### RECORDS FOR THE TASK
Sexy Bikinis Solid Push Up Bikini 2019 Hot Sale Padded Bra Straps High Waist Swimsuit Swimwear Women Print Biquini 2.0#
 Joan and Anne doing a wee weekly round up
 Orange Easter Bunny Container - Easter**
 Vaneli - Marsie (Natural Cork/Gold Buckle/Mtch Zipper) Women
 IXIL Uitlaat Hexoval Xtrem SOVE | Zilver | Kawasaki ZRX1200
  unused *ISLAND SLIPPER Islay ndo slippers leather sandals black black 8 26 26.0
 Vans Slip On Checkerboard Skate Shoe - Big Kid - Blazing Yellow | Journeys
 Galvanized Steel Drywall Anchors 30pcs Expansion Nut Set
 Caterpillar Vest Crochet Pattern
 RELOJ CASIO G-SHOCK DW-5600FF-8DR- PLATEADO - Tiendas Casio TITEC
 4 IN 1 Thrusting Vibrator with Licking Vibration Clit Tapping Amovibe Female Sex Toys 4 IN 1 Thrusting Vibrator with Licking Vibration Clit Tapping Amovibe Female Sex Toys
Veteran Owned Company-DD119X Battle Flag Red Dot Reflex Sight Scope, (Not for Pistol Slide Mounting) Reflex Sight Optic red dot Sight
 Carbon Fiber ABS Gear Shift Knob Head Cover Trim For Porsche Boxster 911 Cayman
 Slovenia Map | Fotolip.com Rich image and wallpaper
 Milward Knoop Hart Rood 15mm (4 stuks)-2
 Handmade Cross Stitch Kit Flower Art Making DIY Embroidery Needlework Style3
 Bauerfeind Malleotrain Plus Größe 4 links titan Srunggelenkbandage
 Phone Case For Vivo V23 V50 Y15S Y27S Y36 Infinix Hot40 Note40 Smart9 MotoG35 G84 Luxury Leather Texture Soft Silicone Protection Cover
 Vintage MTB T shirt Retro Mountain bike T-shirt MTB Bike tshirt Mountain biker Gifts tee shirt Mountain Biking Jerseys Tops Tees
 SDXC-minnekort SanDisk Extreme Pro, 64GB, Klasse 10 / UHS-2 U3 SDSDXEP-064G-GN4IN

### TASK
Repeat the lines above with every word intact.

### REPLY
Sexy Bikinis Solid Push Up Bikini 2019 Hot Sale Padded Bra Straps High Waist Swimsuit Swimwear Women Print Biquini 2.0#
 Joan and Anne doing a wee weekly round up
 Orange Easter Bunny Container - Easter**
 Vaneli - Marsie (Natural Cork/Gold Buckle/Mtch Zipper) Women
 IXIL Uitlaat Hexoval Xtrem SOVE | Zilver | Kawasaki ZRX1200
  unused *ISLAND SLIPPER Islay ndo slippers leather sandals black black 8 26 26.0
 Vans Slip On Checkerboard Skate Shoe - Big Kid - Blazing Yellow | Journeys
 Galvanized Steel Drywall Anchors 30pcs Expansion Nut Set
 Caterpillar Vest Crochet Pattern
 RELOJ CASIO G-SHOCK DW-5600FF-8DR- PLATEADO - Tiendas Casio TITEC
 4 IN 1 Thrusting Vibrator with Licking Vibration Clit Tapping Amovibe Female Sex Toys 4 IN 1 Thrusting Vibrator with Licking Vibration Clit Tapping Amovibe Female Sex Toys
Veteran Owned Company-DD119X Battle Flag Red Dot Reflex Sight Scope, (Not for Pistol Slide Mounting) Reflex Sight Optic red dot Sight
 Carbon Fiber ABS Gear Shift Knob Head Cover Trim For Porsche Boxster 911 Cayman
 Slovenia Map | Fotolip.com Rich image and wallpaper
 Milward Knoop Hart Rood 15mm (4 stuks)-2
 Handmade Cross Stitch Kit Flower Art Making DIY Embroidery Needlework Style3
 Bauerfeind Malleotrain Plus Größe 4 links titan Srunggelenkbandage
 Phone Case For Vivo V23 V50 Y15S Y27S Y36 Infinix Hot40 Note40 Smart9 MotoG35 G84 Luxury Leather Texture Soft Silicone Protection Cover
 Vintage MTB T shirt Retro Mountain bike T-shirt MTB Bike tshirt Mountain biker Gifts tee shirt Mountain Biking Jerseys Tops Tees
 SDXC-minnekort SanDisk Extreme Pro, 64GB, Klasse 10 / UHS-2 U3 SDSDXEP-064G-GN4IN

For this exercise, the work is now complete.